Belde sakinlerinin hiçbir şekilde yapım sürecine dahil
edilmediği, uygulamalarını denetlemesine izin verilmediği bir İmar Planı
mevzuatı ile yönetiliyoruz. Yerel yöneticilerimiz hep “kamu yararı”nı gözeterek
planlar yapıyorlar, ama nedense kamuya sormuyorlar. En fazla “mış” gibi
yapıyorlar, samimiyetsizler. Bizim için neyin iyi olduğunu onlar bizden iyi
biliyorlar. Çünkü onlar “seçilmişler”. Zeytinliklerimizi, hazine arazilerini
imara açıyorlar, güzelim ormanlarımızı birkaç kişiye “yol” götürmek için çöp ve
molozla tahrip ediyorlar, Azmak’da doğal yaşamı tahrip ederek eğlence merkezine
dönüştürüyorlar… Onlara göre doğa insana hizmet etmek için var, dolayısı ile
“yüksek kamusal yarar” söz konusu. Gerçekte olan ise, doğanın birkaç sermaye
sahibinin hizmetine sunulmasından başka bir şey değil. Gerisi laf-ı güzaf, göz
boyamadan ibaret…
Geldiğimiz noktadan bakıldığında, Akyaka’nın ne Özel Çevre
Koruma Bölgesi, ne Yavaş Kent olması, ne de yapılan evlerin Nail Çakırhan
çizgileri taşıyor olması, hepsi anlamını yitiriyor. Tüm bu değerler, kavramlar
içleri boşaltılarak, “mal”ı daha pahalı ve hızlı pazarlamak için birer "etiket"e dönüştürülüyorlar. Her telaffuz ettiğimizde diğer kavramlar
gibi biraz daha anlamsızlaştırdığımız “gelecek kuşaklar” artık bahçesinden
narenciye, zeytin yiyemeyecek, Azmağı, yalıçapkınını, leyleği sadece eskiden çekilmiş fotoğraflarda görecek. Ama her yerde Çakırhan evleri olacak…Gerçekten bunu mu
isitiyoruz ? Nail Çakırhan’ın bunu istemediğini biliyorum.
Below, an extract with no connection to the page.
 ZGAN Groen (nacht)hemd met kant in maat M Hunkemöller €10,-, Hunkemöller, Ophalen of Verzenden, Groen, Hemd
Gelecek kuşaklara “Betonyaka” bırakmak istemiyorsak bu
gidişi durdurmanın bir yolu var; beldemizin kimliğine, ortak yaşam alanlarına,
geleceğine sahip çıkmak üzere ayağa kalkmak… Türkiye üç aydır ayakta,
Akyakalılar aslında daha da önce ayaklanmıştı. Kenti, doğayı savunmak için
insanlar mücadele ediyorlar artık, umut var. Gezi Parkı Direnişi ile
birlikte yerel demokrasiye bakışımızda, sorunlara çözüm arayış şeklimizde önemli bir değişim yaşandı. Sorunlarımızın ortak olduğunu, birbirimize yaklaştığımız
ölçüde de çözümden yana gücümüzün olduğunu gördük. Hem merkezi, hem yerel
yönetimin seçilmişlerinin “hikmetinden sual edilemeyen” icraatlarına karşı
ortak mücadele alanları oluşturuyoruz, bizleri karar mekanizmalarının dışında
tutan yasaların değişmesini talep ediyoruz. Artık sandıkta oy vermekle
sınırlı politika anlayışına kanmıyoruz, doğrudan demokrasi pratikleri
geliştiriyoruz.
Zamanın hızlandığı bir dönemden geçiyoruz; bu sürecin
dışında kalan zamanın da dışında kalacak.
Son söz olarak; Akyaka’da verilen “Diren Akyaka, Diren
Zeytin Ağacı!” mücadelesine Türkiye’nin, hatta dünyanın birçok yerinden destek
yağıyor. Zeytinliğimize beton lobisinin Çakırhan evleri (!) yapmasına izin
vermeyeceğiz. Bu karabasandan birlikte çıkacağız.